The Sarma case concerns alleged hate speech against Miya Muslims, a Bengali-origin community in Assam that has faced sustained political hostility. Words matter in such contexts. When the head of a state government speaks, the speech carries the weight of office. It shapes public discourse. It signals to law enforcement. It influences social attitudes. When citizens allege that such speech crosses the line into criminal incitement, and that authorities have failed to act, the issue is not technical. It goes to equality before the law.
Would an ordinary citizen be subjected to swift police action for comparable speech? That question lurks beneath the petition. The Supreme Court’s response was to ask the petitioners to move the high court and to request the latter to hear the matter expeditiously. Expedition is welcome. But expedition is not engagement.
Article 32 was designed precisely for moments when the violation of fundamental rights demands direct recourse to the highest court. It was meant to be a shield against state excess. If the Court treats Article 32 as a remedy to be “discouraged,” it alters its character. The right remains in the text, but its force diminishes in practice.
The Court understood this in its early years. When objections arose that petitioners should first move the high courts, the Supreme Court made it clear that it could not refuse to entertain applications seeking protection against fundamental rights. It recognised that Article 32 was itself a fundamental right. Over time, the tone has changed. The Court now speaks of discouragement. It asks why the high court was not approached. It treats direct invocation of Article 32 as an exception rather than a norm.
Perhaps the pressure of arrears explains this shift.

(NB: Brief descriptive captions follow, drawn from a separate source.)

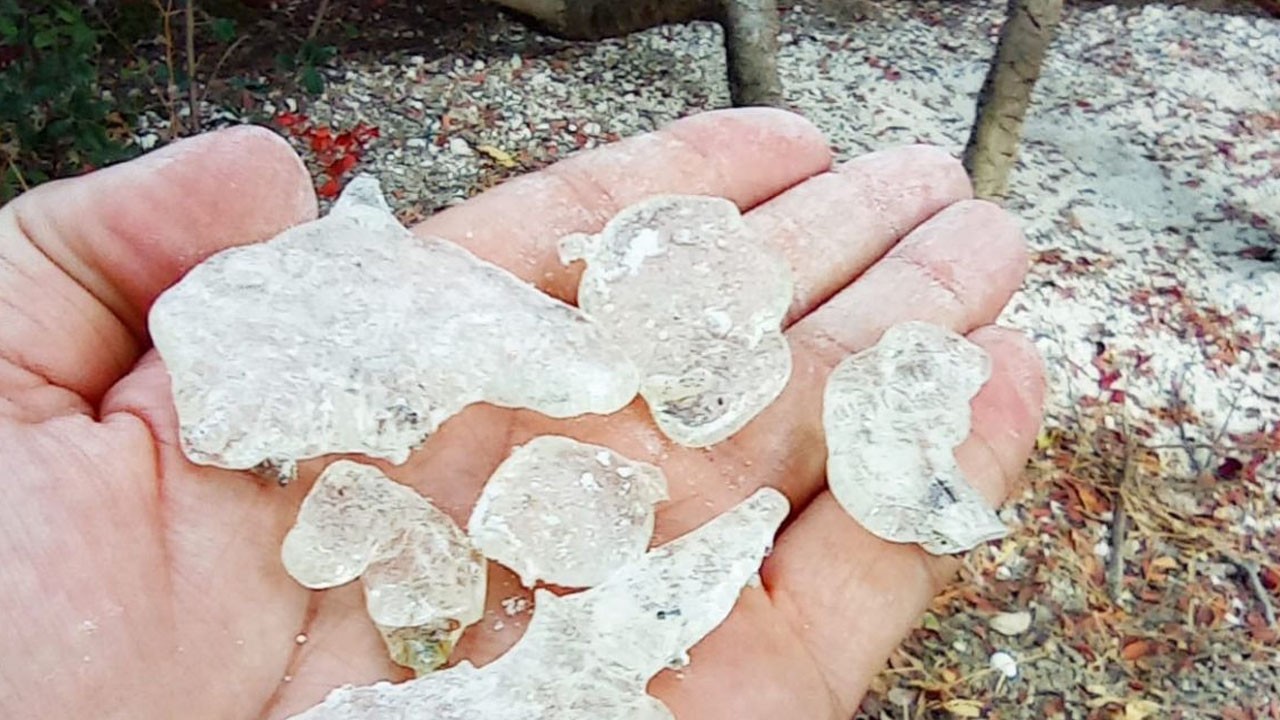 Yunanistan sahte dedi, Türkiye 'Anavatanı burası' dedi: Değeri tam 15 bin TL'yi aştı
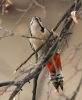 Great Spotted Woodpecker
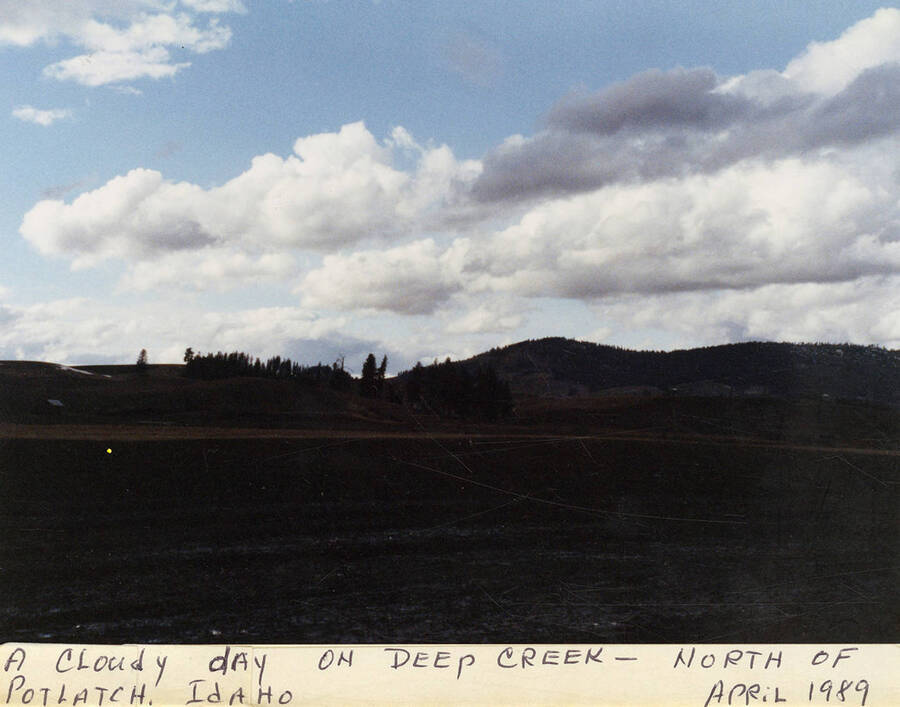 A view of the clouds over a field and hills on Deep Creek north of Potlatch.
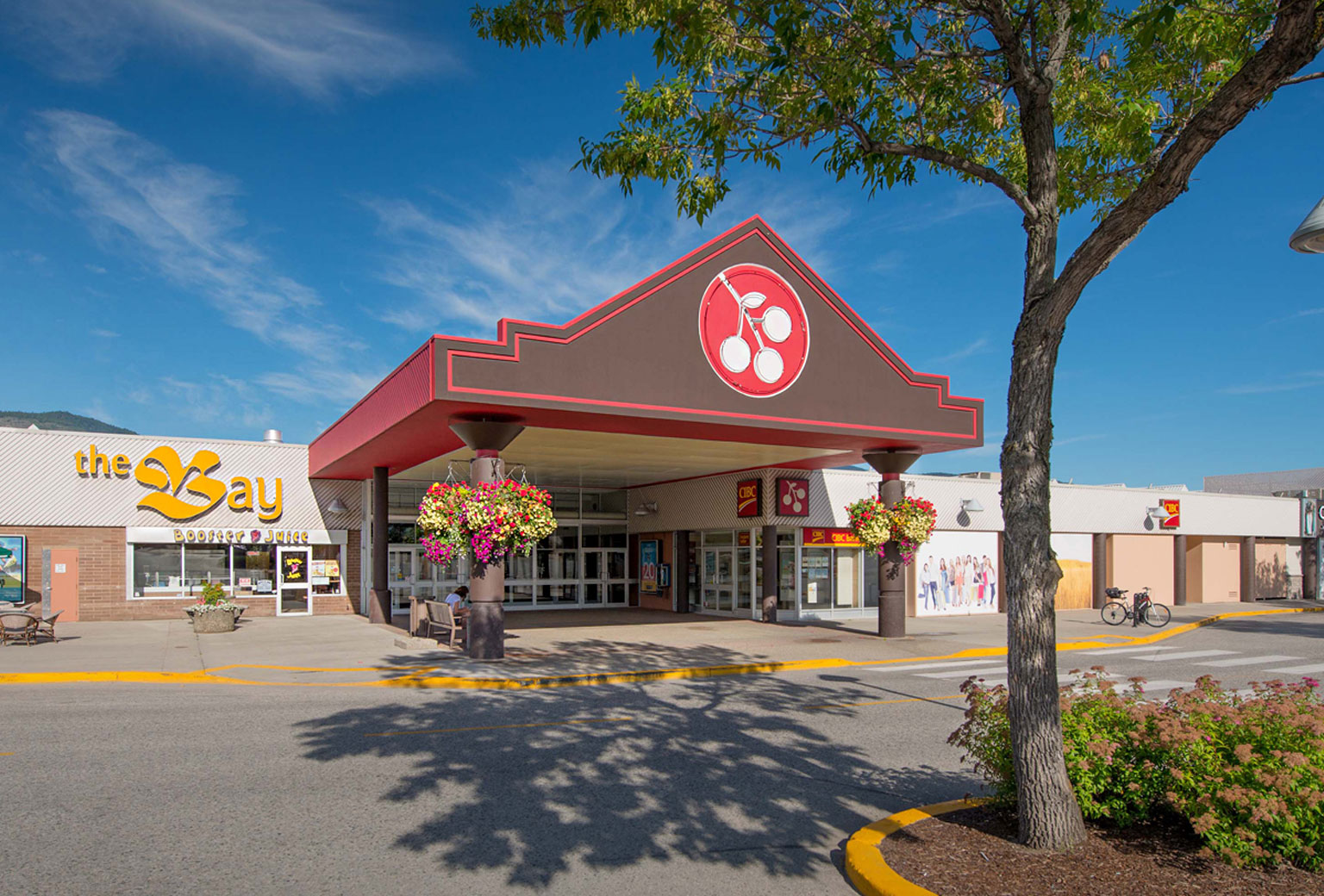 Cherry Lane Centre - hero image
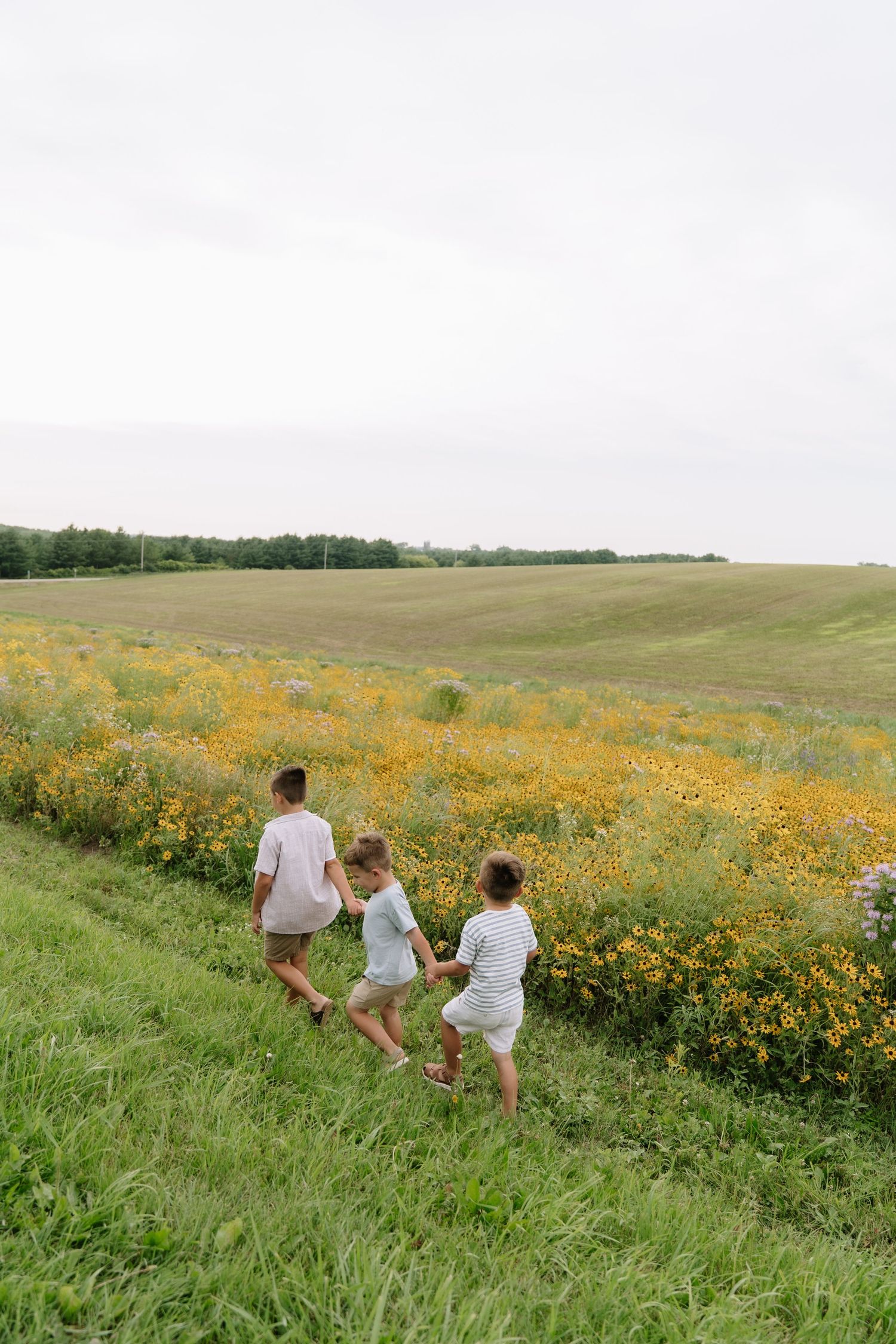 Three children run through a vibrant wildflower field with yellow blooms on a cloudy day.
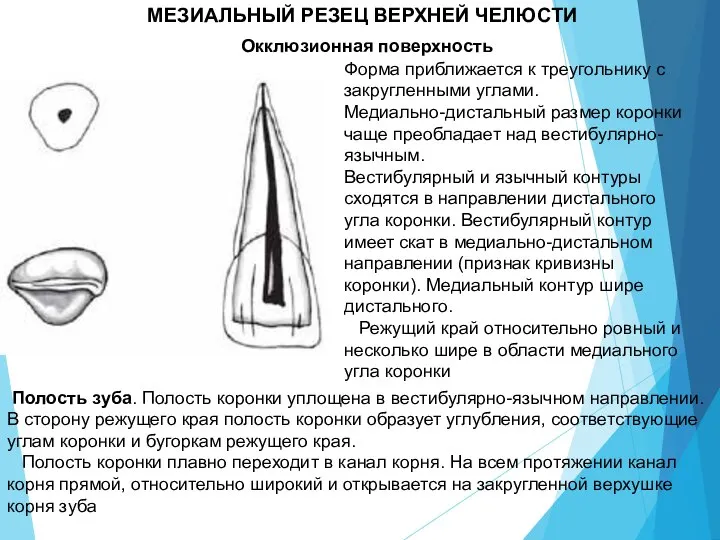 МЕЗИАЛЬНЫЙ РЕЗЕЦ ВЕРХНЕЙ ЧЕЛЮСТИ Окклюзионная поверхность Форма приближается к треугольнику с закругленными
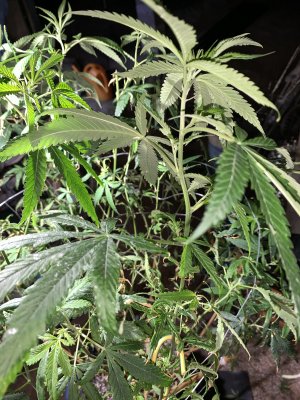 Aphid infest mother’s best action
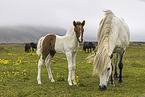Icelandic horses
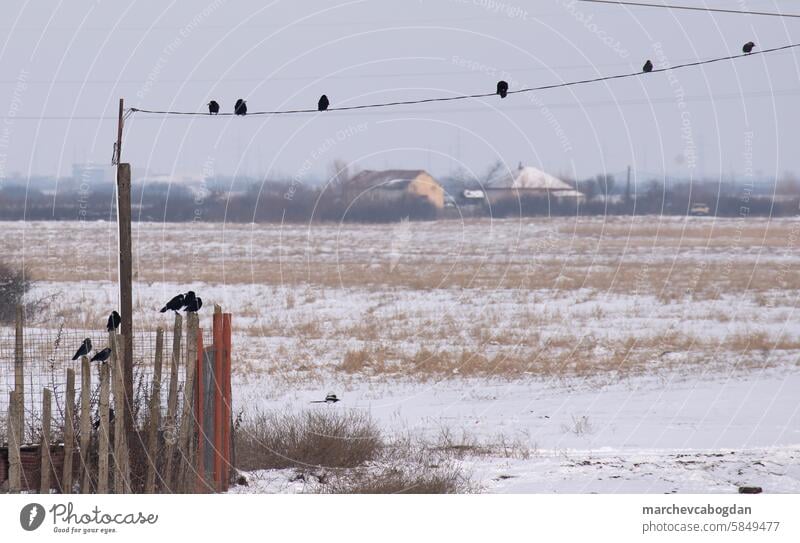 An einem bewölkten Wintertag sitzen Krähen auf Drähten. Antenne Tier Schnabel Vogel Vögel Vögel auf Draht schwarz Amseln Kabel Cloud Menge elektrisch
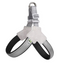 Pet Carrier + Harness & Leash Set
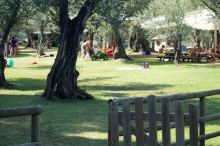 Baia Delle Sirene, Steinstrand am Gardasee<p></p>
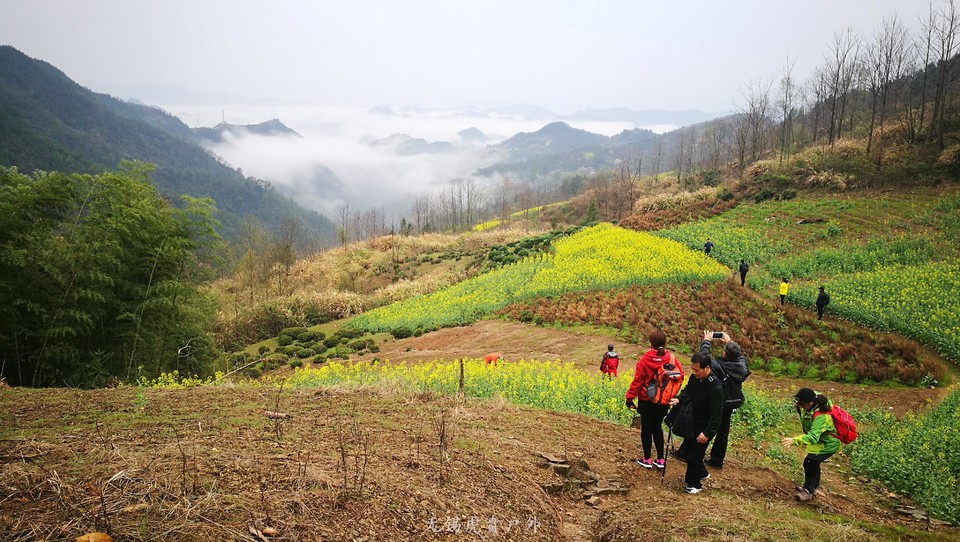 mmexport1521439921444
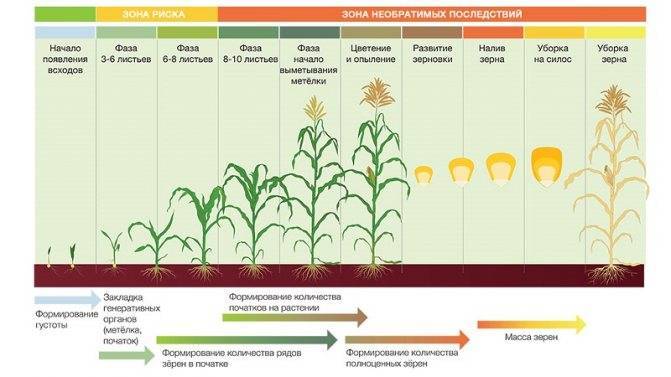 Как посадить кукурузу на своем участке, и что нужно учесть для получения хорошего урожая?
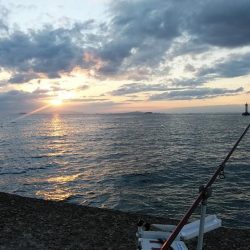 久々に爆釣しました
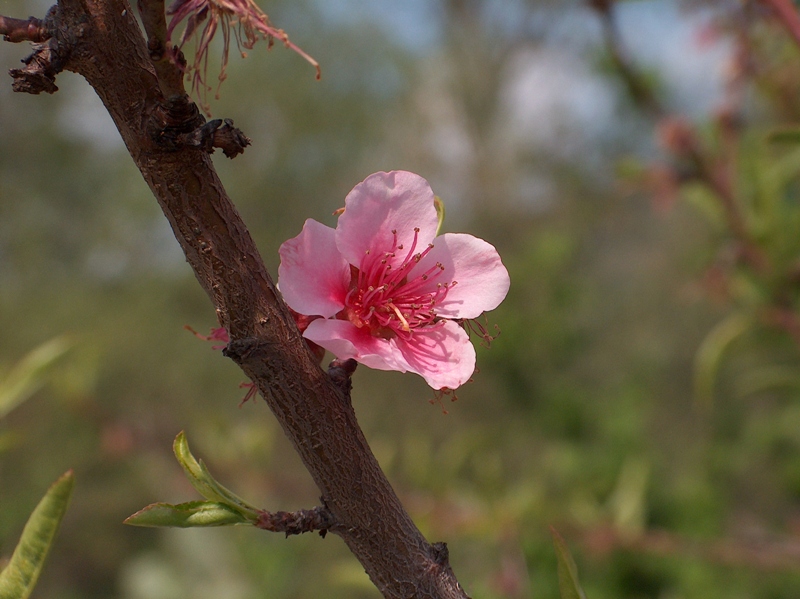 mandorlo, pesco o? Prunus dulcis var. amara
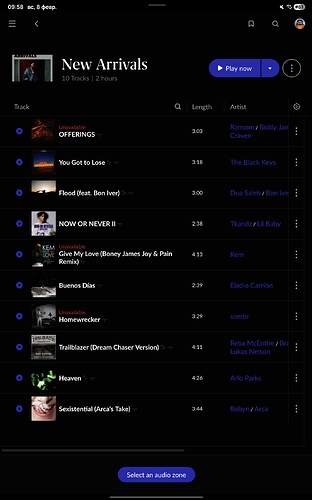 Screenshot_20260208_095817_Roon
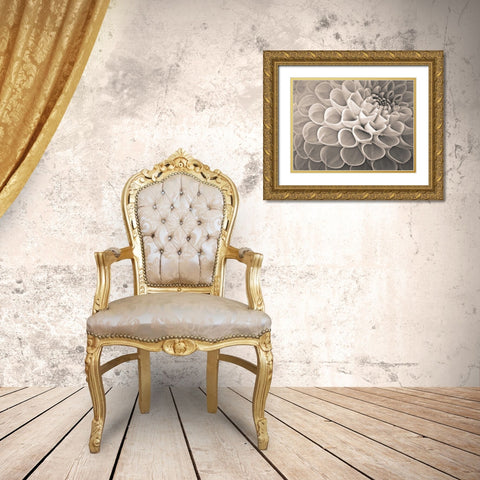 Dahlia Flowers Gold Ornate Wood Framed Art Print with Double Matting by Frank, Assaf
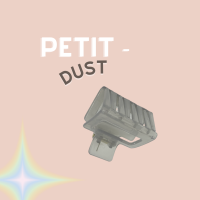 PETIT - Dust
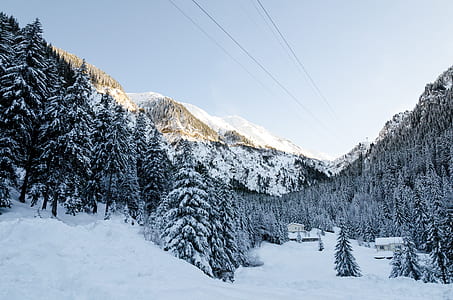 snow covered trees under clea blue sky thumbnail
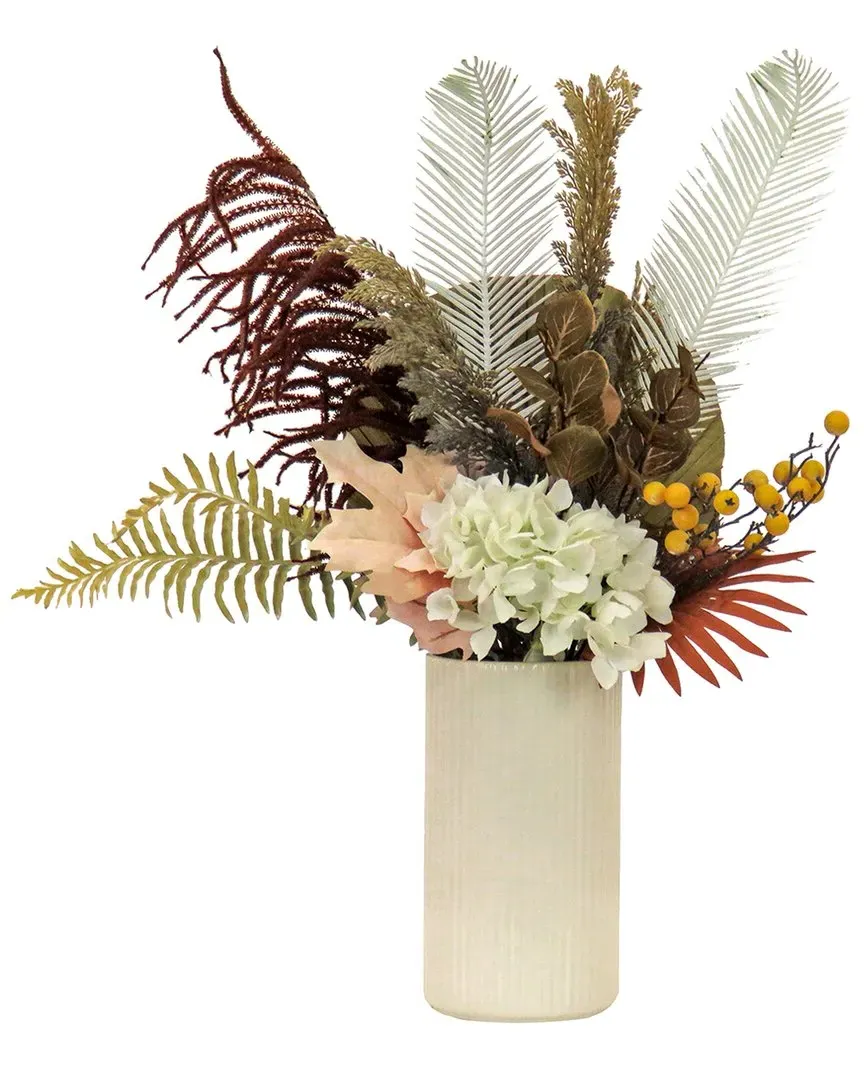 31In Potted Fern And Hydrangea Assortment - Black image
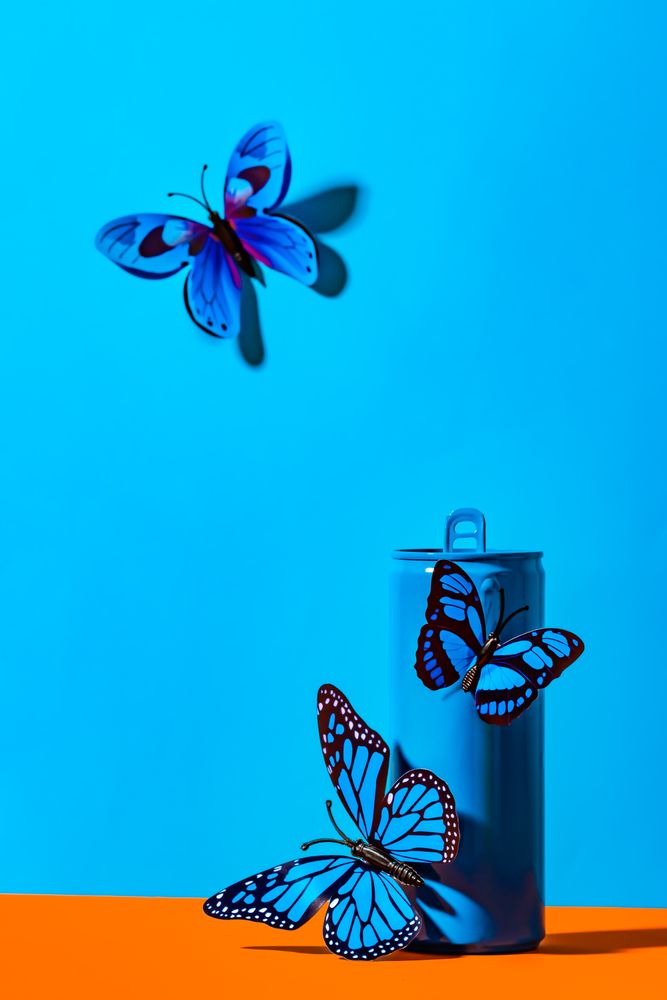 Plastic butterflies on metal blue can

The docket is heavy. The institution is strained. But constitutional guarantees do not recede when the workload increases. If anything, they matter more when the political temperature rises. Cases involving allegations against powerful political actors are not routine service disputes. They implicate democratic accountability. They test the resilience of institutions.
In such moments, symbolism matters. When the Supreme Court hears a petition against a sitting CM, it affirms that no office is above constitutional scrutiny. When it declines to hear it, even politely, the signal is more muted. This is not a plea for judicial activism. It is a plea for judicial responsibility. The Court need not grant relief. It need not order an FIR. It need not pronounce on guilt. But it should hear the matter. It should examine the allegations. It should give reasons. Avoidance erodes confidence faster than an adverse ruling.
The meme about the floodwaters was funny because it imagined the Court speaking to water like King Canute. But floodwaters do not have fundamental rights. Citizens do. When citizens allege that those in power have targeted a vulnerable community, and that the law has failed to respond, they knock on the Court’s door invoking a constitutional promise.
Article 32 does not say, “Subject to convenience.” It does not say, “After exhausting other forums.” It says the right to move the Supreme Court is guaranteed. If that guarantee becomes conditional in practice, we must ask what remains of its original force. The Supreme Court stands at the apex not merely to correct errors, but to embody constitutional assurance as a sentinel on the qui vive. The framers of the Constitution did not design Article 32 as a procedural maze. They designed it as a direct path.
Last year, the floodwaters stopped at the gates. The meme imagined them being turned away. This year, petitioners alleging hate speech by a CM have been told to go elsewhere first. The Constitution deserves better than a punchline.